Qipao – O amor que morre ao lado! Um conto de Tristan Tell

Na rua Galvão Bueno, em São Paulo, em um apartamento minúsculo de quarto, sala e banheiro, Li Wei e Mei Ling sentavam-se à mesa para o café da manhã. A cozinha, apesar de apertada, abrigava o ritual diário de preparar uma refeição simples, mas reconfortante.
Mei Ling preparava o lamen com destreza. Em uma panela grande, ela fervia água e cozinhava o macarrão. Enquanto isso, em outra panela, refogava alho e gengibre picados no óleo vegetal, adicionando a parte branca da cebolinha, o molho de soja e sal. O aroma familiar preenchia o ar, trazendo um breve consolo.
Li Wei, sentado à mesa, observava em silêncio. Trinta anos juntos, e agora parecia que tudo o que restava eram horas intermináveis de solidão e contas atrasadas. Seus filhos, sem futuro, haviam perdido as esperanças em um país politicamente sem rumo.
Mei Ling despejou o caldo quente sobre o macarrão, adicionando os vegetais e um ovo, cuidadosamente cozido. Ela finalizou com um toque de cebolinha verde e um fio de óleo de gergelim, entregando a tigela a Li Wei.
Enquanto comiam em silêncio, refletiam sobre as constantes mudanças que a vida havia lhes imposto. Lembravam-se de sonhos abandonados e oportunidades perdidas. Admitiam, com um nó na garganta, que após três décadas juntos, não haviam conseguido vencer. A vida agora era uma espera silenciosa, uma contagem regressiva dolorosa.
Mei Ling guardava, numa caixa de papel envolvida, seu qipao vermelho como um símbolo de uma vida nova. Embora seu corpo não fosse mais vibrante, ainda cabia naquele vestido, que para ela representava a possibilidade de vida após a morte, de um novo encontro, uma nova oportunidade. Ela sonhava estar em paz um dia, passeando pelas ruas da cidade descalça, vestindo o qipao, em um dia lindo de chuva, uma visão que só caberia em um poema de amor.

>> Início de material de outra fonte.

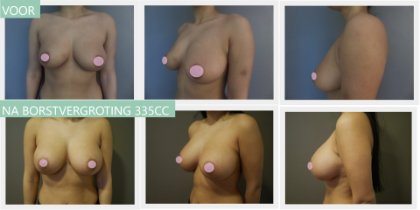 Round breast implants 335cc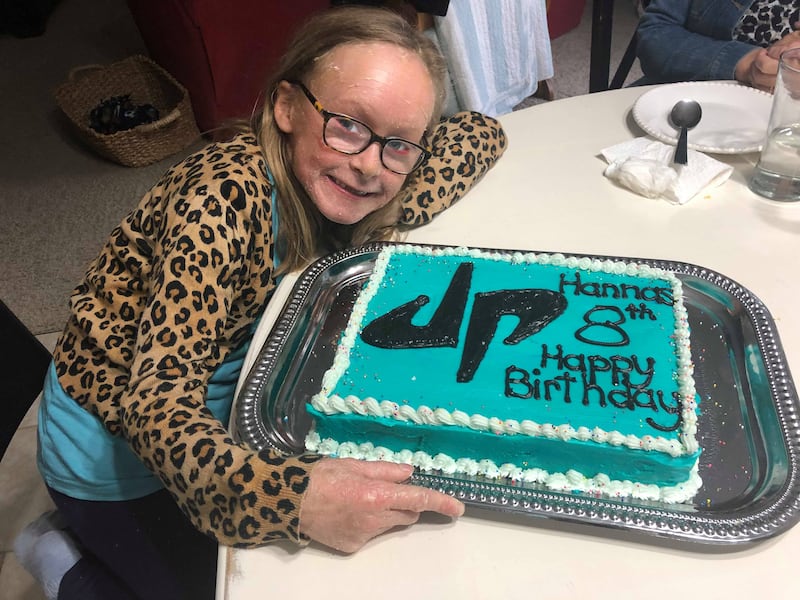 Hanna Barrott has a condition called lamellar ichthyosis. Despite life’s obstacles, Hanna has proven that her conditions do not define who she is and that her faith is much deeper than her skin.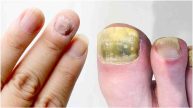 Nail fungal infection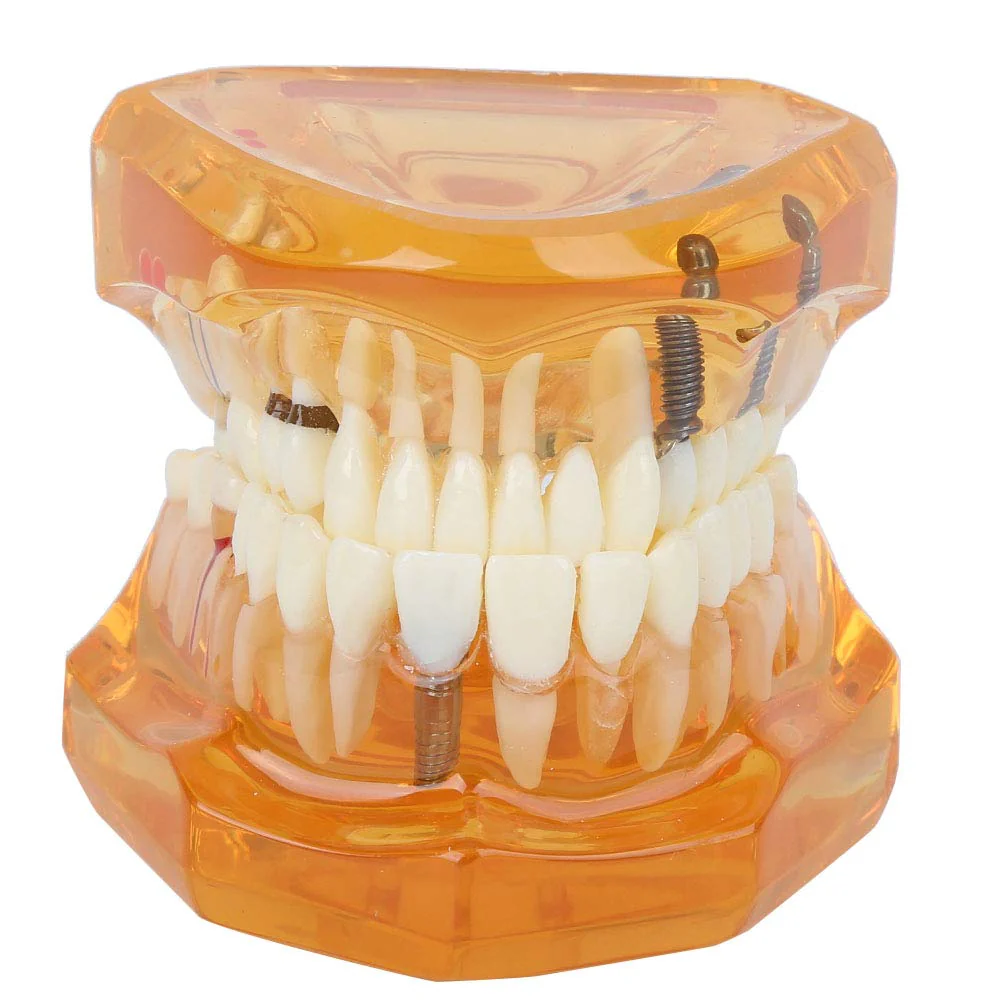 Dental Model for Teaching, Dental Degeneration Model Demonstration Study Orange Model Dentures - Image 7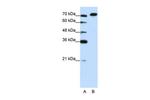 AKAP8L Antibody in Western Blot (WB)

Ambos apreciavam o lamen juntos. Mei Ling divagava sobre seus sonhos enquanto Li Wei lamentava a vida desprovida de valor, ordinária e tão pequena que teve, uma vida que nunca alcançou o topo de qualquer coisa e, sendo assim, era quase como todo mundo. Uma lágrima solitária escapou dos olhos de Li Wei, caindo e se misturando ao caldo fumegante do lamen, que embassava a janela da mesinha na cozinha. O vapor oferecia um momentâneo véu de privacidade, um respiro em meio à dura realidade que os cercava.
As horas passaram e a vida também passou levando um pouco mais dos dois, horas findas… como que predestinadas a ferir o amor.
Li Wei, aos quase 60 anos, se despediu e saiu para mais um dia de trabalho em algum ponto qualquer da cidade que nunca dorme, mas agora sem o compromisso da vitória ou de alguma chance na vida, ajeitando o casaco, pois fazia frio em São Paulo. Mei Ling, por sua vez e, como de costume, cuidaria de algumas poucas plantas dispostas aqui e ali no apartamento minúsculo de quarto, sala e banheiro, alimentaria e trocaria a água dos gatos, lavaria a louça e esperaria o dia vencer a manhã…
Eram 6h30.

O conto de Tristan Tell : “Qipao – O amor que morre ao lado” que se encontra no 7º livro do autor de mesmo nome e outras históras , explora temas existenciais profundos, como o significado da vida, a passagem do tempo e a busca por propósito. A filosofia existencialista é evidente na narrativa, onde os personagens se confrontam com a realidade de suas existências, refletindo sobre as escolhas que fizeram e os sonhos que abandonaram. O conto ilustra a condição humana de estar “só no mundo” (Heidegger) e a angústia (Sartre) que surge ao enfrentar a verdade nua e crua da vida. A espera silenciosa, a contagem regressiva dolorosa, e a aceitação da falência de seus sonhos representam a busca contínua por sentido em um mundo que muitas vezes parece indiferente e sem rumo.